### EXERCISE GOAL
Word for word, transcribe the data below from the line with "Image of We" to the line with "Crocodile Flathead", keeping both of those lines.

--- PROVIDED INFORMATION ---

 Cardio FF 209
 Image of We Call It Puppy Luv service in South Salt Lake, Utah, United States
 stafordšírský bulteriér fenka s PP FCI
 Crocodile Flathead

---
--- PROVIDED INFORMATION ---

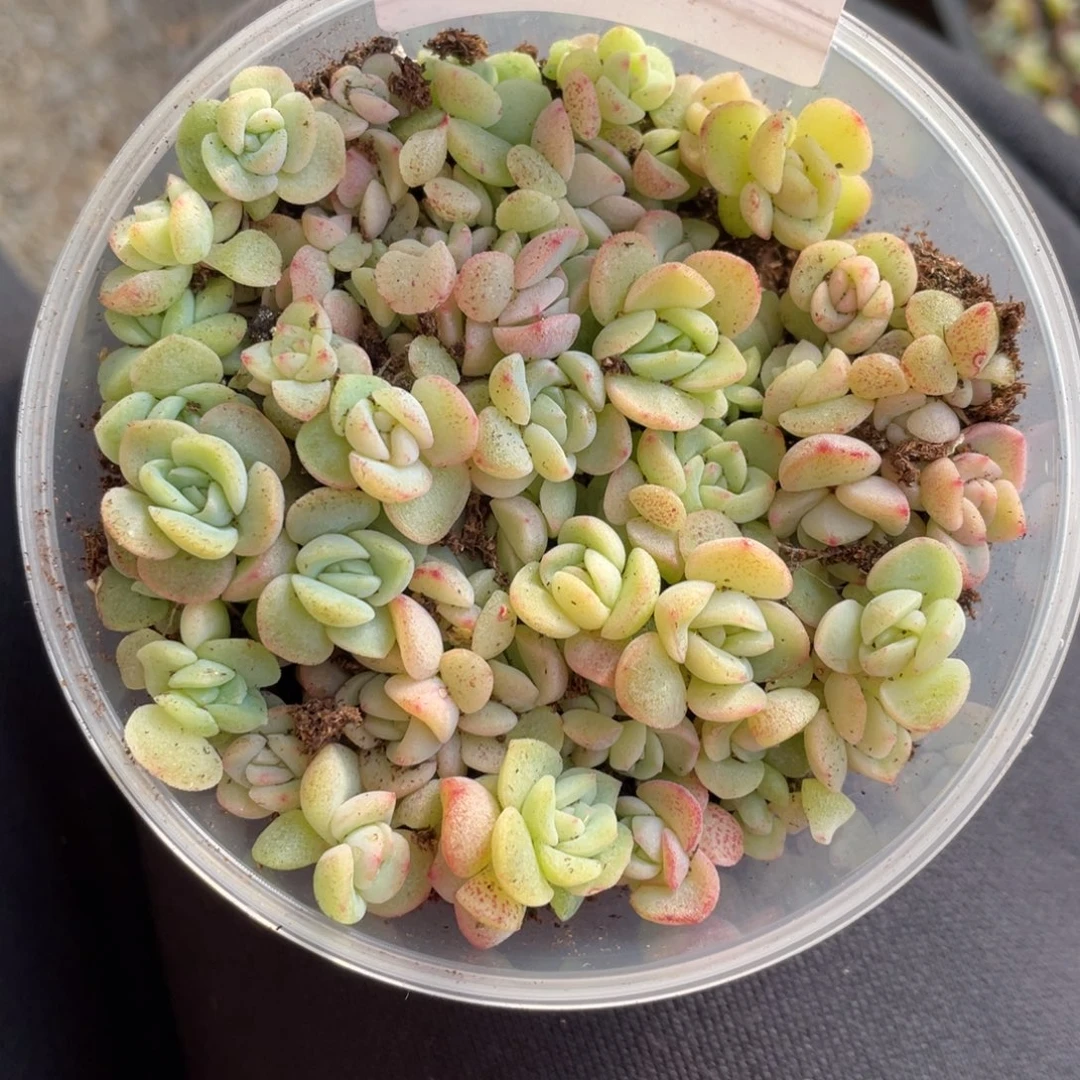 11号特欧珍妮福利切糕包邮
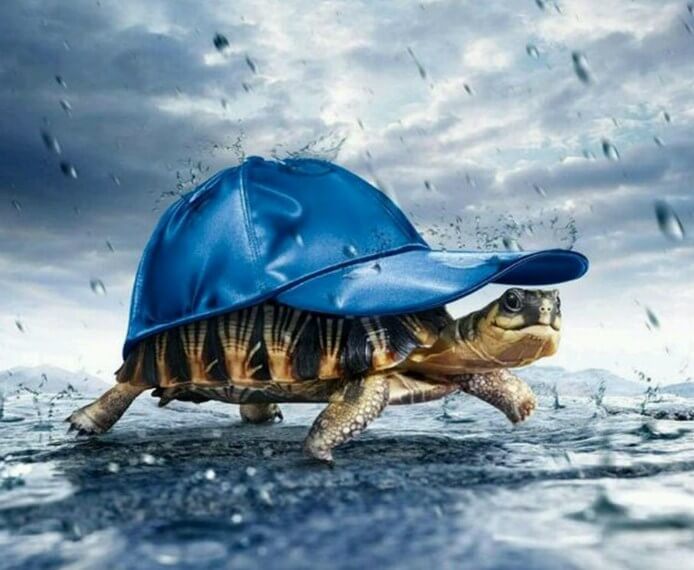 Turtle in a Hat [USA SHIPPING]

---

### SOLUTION
 Image of We Call It Puppy Luv service in South Salt Lake, Utah, United States
 stafordšírský bulteriér fenka s PP FCI
 Crocodile Flathead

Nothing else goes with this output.